Participants were regularly interviewed and asked if they were still smoking. They were also assessed for signs of depression and anxiety, frequent complications of the quitting process.

At the end of the five weeks of treatment, the highest quitting rates--40%--were in the group that received both "true" acupuncture and stop-smoking classes. Only 22% of those in the "sham" acupuncture and classes, and 10% of those in the "true" acupuncture but no classes, managed to kick the habit. Eighteen months later, some of the quitters in all three groups had resumed smoking, although abstainers persisted in all three groups.

Interestingly, the longer and more heavily someone had smoked, the greater the chances of success. The scientists graded each participant according to "pack years"--the number of packs smoked daily multiplied by the number of years each person had smoked. For example, someone who smoked 1 pack a day for 10 years was given a grade of 1 times 10, or 10 pack-years. The researchers found that the higher the number of pack years (up to a total of 20 pack years), the more likely they were to quit smoking after receiving acupuncture treatments.

Why It's Important
The study shows that both acupuncture and education can be helpful tools for some people trying to quit smoking, even for long-term heavy smokers and when combined, the two therapies are especially potent.

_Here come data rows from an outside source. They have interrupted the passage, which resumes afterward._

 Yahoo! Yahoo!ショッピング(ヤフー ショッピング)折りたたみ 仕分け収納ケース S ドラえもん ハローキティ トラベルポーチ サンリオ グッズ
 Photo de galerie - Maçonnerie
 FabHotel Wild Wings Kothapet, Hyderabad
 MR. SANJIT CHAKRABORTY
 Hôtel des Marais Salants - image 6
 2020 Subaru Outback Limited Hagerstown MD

Acupuncture is a key component of traditional Chinese medicine that is said to work by stimulating the flow of healing energy, or qi, throughout the body Although it has been widely used for smoking cessation, and anecdotal success stories abound, to date the clinical evidence has been mixed. In 1997, the National Institutes of Health concluded that acupuncture "might" be effective against smoking. A 2002 review by the Cochrane collaboration, a research group that pools data from earlier studies, however, concluded that proof of benefit was lacking. The present study adds another piece of support to the puzzle, although investigators agree that more good studies are needed.

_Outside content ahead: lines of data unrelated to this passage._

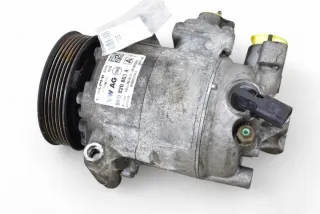 5N0820803A Компрессор кондиционера Audi A3 8P Арт e12757315, вид 7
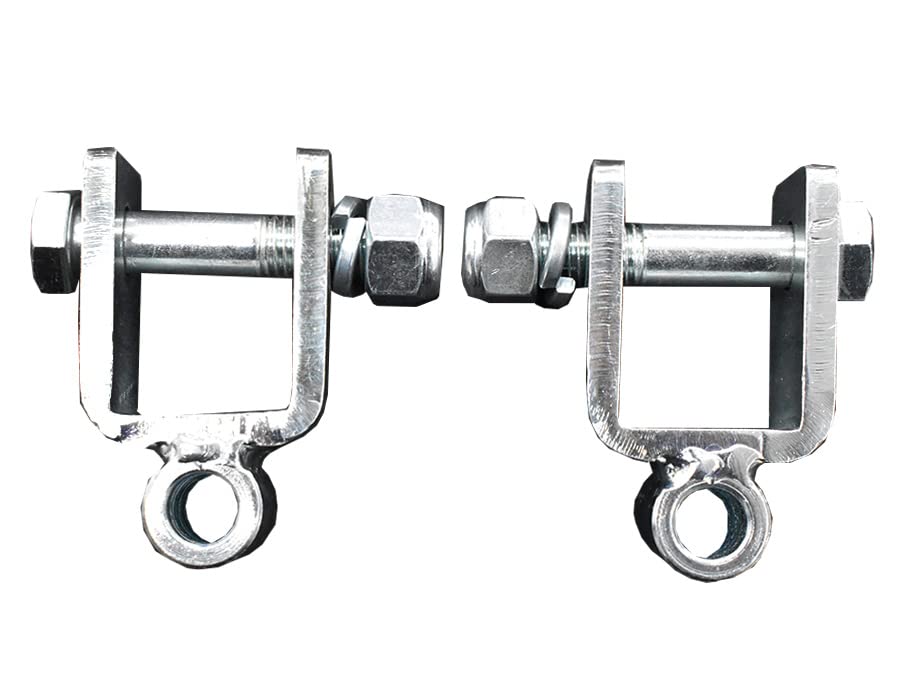 【沖縄・離島への配送不可】決算セール ジムニー JA11 JA71 SJ30用ショック延長ブラケット50mm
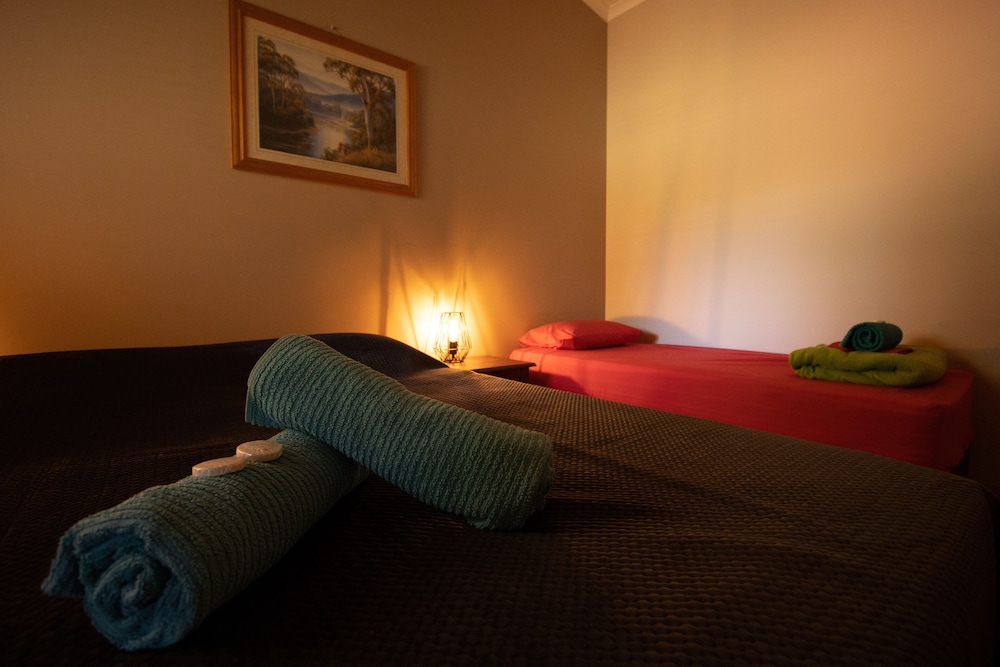 Standard Single Room photo 1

By using both "true" and "sham" acupuncture points, the researchers here sought to provide a more effective control group than previous studies had used. Some of the benefits, however, may simply have been due to the concerned attention of the researchers, an effect that was seen in earlier trials. In addition, although the patients did not know if they were receiving "true" or "sham" acupuncture, the practitioners did; this could have influenced the outcome. Still, the results suggest that acupuncture and advice may be good aides to smoking cessation and well worth a try.